INPUT DATA:
▶
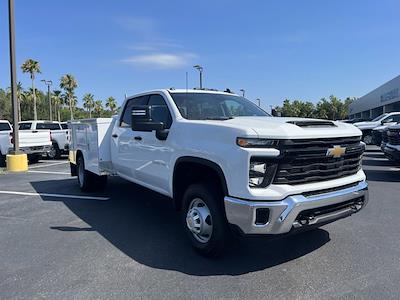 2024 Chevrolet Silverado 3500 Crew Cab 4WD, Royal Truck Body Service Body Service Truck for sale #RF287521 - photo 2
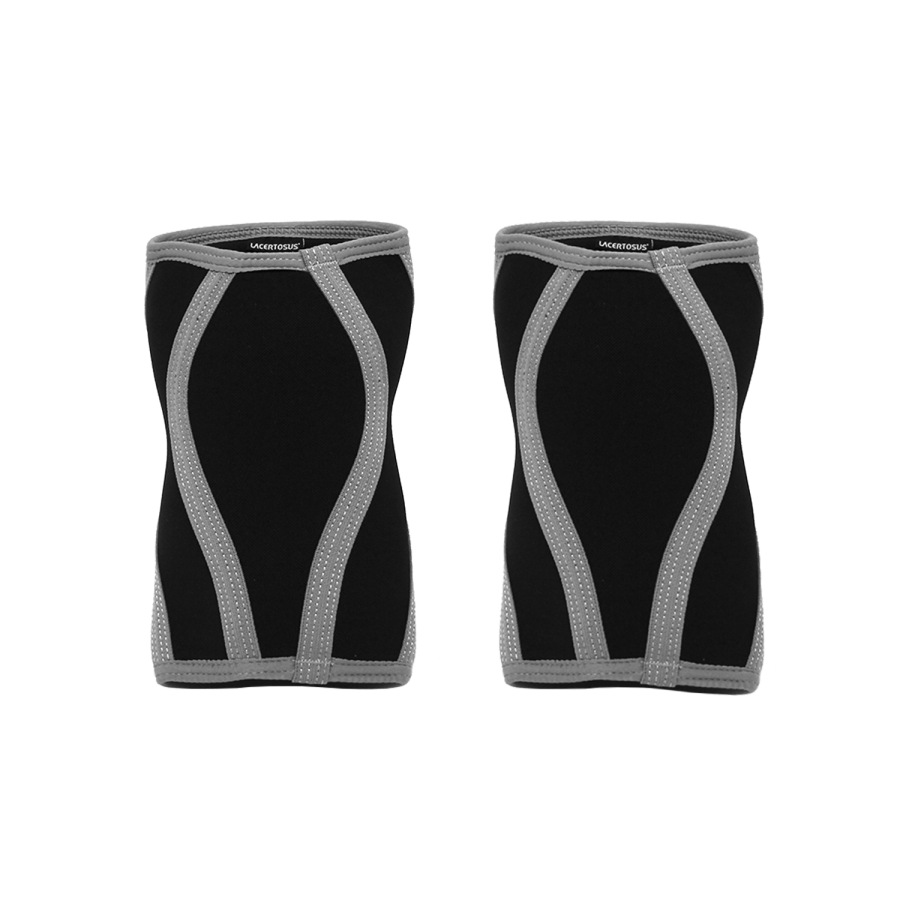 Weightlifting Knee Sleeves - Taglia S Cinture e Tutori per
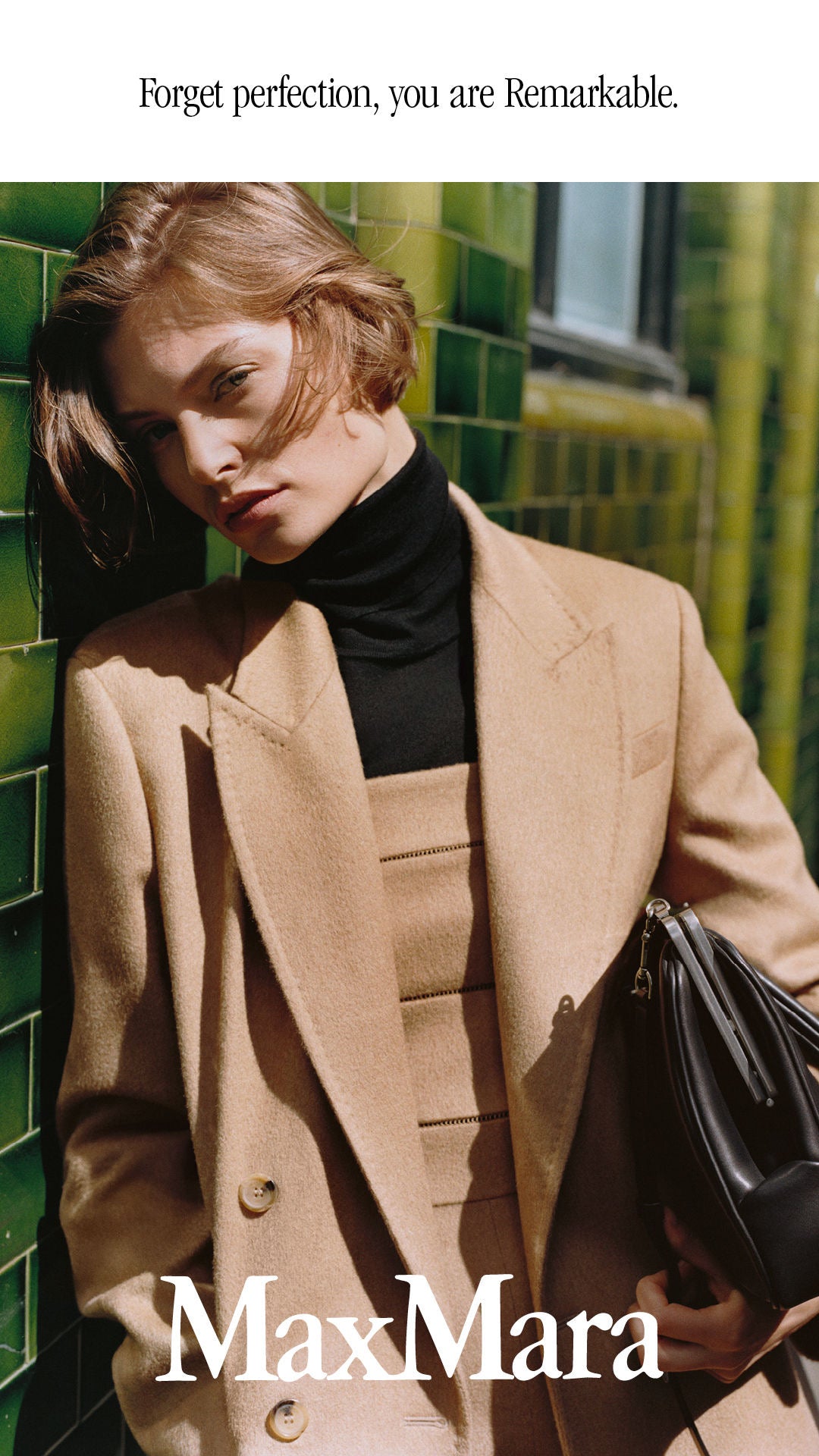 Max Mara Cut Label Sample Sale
◀
WORK TO BE COMPLETED: Omit the pictures and write out exactly the lines from the one containing "Weightlifting Knee Sleeves" through the last line of the material.

SOLUTION TO THIS EXERCISE:
 Weightlifting Knee Sleeves - Taglia S Cinture e Tutori per
 Max Mara Cut Label Sample Sale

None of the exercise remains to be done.